# DigiQ



## livindangerous (Apr 7, 2016)

I would first like to apologize if this topic has already been covered but i could not find it.  I have been cooking for a year with my Akorn and have been satisfied so far.  I have decided to add a controller fan  and have mostly decided it would be the DigiQ.  Is the PartyQ good enough or should i look into investing more in a bigger unit?


----------



## SmokinAl (Apr 7, 2016)

I have used the Digi Q for several years with great results. Not even had to replace a probe cable. Very good unit.

Al


----------



## livindangerous (Apr 7, 2016)

Thank you for your reply.  Would you say that it has features over the more basic PartyQ that justify it being $100 more expensive?


----------



## SmokinAl (Apr 7, 2016)

I'm not familiar with the Party Q, but if you go to any BBQ comps you will see many of the teams use the DigiQ.

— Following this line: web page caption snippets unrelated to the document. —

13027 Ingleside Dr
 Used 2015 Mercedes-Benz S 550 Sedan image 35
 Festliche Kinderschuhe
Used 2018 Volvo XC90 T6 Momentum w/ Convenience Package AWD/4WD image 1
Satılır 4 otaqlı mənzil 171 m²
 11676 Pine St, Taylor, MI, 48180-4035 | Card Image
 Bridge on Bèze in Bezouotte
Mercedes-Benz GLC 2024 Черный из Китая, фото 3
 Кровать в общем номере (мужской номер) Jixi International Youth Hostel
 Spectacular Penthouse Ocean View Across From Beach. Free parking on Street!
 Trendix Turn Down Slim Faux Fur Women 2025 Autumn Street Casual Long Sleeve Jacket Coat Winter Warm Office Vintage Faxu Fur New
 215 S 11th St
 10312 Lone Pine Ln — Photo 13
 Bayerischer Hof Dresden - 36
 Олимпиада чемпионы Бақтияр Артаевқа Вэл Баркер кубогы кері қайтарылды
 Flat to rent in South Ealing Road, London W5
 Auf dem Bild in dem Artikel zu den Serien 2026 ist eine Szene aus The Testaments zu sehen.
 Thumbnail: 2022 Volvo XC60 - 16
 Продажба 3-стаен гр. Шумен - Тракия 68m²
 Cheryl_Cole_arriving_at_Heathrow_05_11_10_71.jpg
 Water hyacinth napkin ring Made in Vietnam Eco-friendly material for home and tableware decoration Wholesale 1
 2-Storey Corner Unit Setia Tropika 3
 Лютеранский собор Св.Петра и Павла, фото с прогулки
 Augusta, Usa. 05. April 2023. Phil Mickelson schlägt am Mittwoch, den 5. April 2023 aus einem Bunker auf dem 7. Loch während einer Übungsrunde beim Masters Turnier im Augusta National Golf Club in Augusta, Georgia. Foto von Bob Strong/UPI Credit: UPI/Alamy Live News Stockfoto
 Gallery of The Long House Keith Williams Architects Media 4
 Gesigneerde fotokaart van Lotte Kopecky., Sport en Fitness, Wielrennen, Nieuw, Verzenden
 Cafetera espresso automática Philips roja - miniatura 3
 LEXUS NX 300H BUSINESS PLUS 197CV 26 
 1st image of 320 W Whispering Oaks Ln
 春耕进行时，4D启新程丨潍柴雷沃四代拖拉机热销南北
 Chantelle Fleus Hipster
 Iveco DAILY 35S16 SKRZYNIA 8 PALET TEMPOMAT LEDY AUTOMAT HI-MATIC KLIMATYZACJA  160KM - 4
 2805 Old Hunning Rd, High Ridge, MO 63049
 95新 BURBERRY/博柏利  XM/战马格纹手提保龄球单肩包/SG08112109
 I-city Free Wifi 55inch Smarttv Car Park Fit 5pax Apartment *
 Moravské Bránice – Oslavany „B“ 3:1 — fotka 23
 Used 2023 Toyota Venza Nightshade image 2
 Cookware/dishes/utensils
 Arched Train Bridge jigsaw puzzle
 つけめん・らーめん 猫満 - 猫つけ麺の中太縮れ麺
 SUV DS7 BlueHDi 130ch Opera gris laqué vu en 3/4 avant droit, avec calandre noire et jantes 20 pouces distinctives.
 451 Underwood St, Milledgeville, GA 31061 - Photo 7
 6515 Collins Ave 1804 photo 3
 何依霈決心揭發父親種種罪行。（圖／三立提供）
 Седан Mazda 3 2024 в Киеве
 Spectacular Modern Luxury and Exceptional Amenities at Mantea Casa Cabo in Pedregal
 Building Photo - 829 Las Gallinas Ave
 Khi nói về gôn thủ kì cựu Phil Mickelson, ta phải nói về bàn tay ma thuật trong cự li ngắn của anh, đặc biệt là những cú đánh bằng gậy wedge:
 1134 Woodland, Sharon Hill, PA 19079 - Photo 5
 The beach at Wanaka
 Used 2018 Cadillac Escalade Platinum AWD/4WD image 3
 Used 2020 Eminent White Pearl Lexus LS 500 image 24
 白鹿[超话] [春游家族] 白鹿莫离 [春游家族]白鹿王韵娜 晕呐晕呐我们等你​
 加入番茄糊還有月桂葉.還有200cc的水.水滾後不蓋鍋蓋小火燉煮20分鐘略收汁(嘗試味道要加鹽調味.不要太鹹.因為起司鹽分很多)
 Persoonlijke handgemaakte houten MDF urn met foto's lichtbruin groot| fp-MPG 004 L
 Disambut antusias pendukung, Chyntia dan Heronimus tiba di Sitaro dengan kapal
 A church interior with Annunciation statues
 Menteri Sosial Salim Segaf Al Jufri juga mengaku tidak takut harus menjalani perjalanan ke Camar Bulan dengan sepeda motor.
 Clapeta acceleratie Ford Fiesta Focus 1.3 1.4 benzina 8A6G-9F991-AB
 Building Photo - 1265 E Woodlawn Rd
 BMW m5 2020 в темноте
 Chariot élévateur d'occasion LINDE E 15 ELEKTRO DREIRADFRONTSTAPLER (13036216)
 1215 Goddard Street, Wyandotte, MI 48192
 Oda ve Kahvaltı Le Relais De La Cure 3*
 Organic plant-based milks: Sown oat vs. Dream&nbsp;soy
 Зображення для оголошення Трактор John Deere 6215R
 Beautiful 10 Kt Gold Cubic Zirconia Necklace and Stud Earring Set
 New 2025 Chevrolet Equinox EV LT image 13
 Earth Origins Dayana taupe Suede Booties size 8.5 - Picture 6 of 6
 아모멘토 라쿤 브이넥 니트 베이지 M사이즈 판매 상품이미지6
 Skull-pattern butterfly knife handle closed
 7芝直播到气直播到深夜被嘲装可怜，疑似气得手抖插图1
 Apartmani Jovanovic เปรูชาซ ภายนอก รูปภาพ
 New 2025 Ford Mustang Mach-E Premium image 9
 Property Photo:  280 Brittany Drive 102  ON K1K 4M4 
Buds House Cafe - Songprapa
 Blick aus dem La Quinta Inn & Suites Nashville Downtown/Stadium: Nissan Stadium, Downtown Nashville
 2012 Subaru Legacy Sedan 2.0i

 It's a very high quality unit. And as I said no problems with it at all.

Al


----------



## dward51 (Apr 7, 2016)

I 2nd the DigiQ.  I have been using a DigiQ II since either 2006 or 2007.  Never had an issue and still using the original probes. It is as close to set and forget as you can be when using charcoal and worth every penny IMO.  I don't know about the PartyQ, but the DigiQ is built like a tank.  I've had mine out in the dew in overnight competition smokes and never had an issue (never had it rained on though).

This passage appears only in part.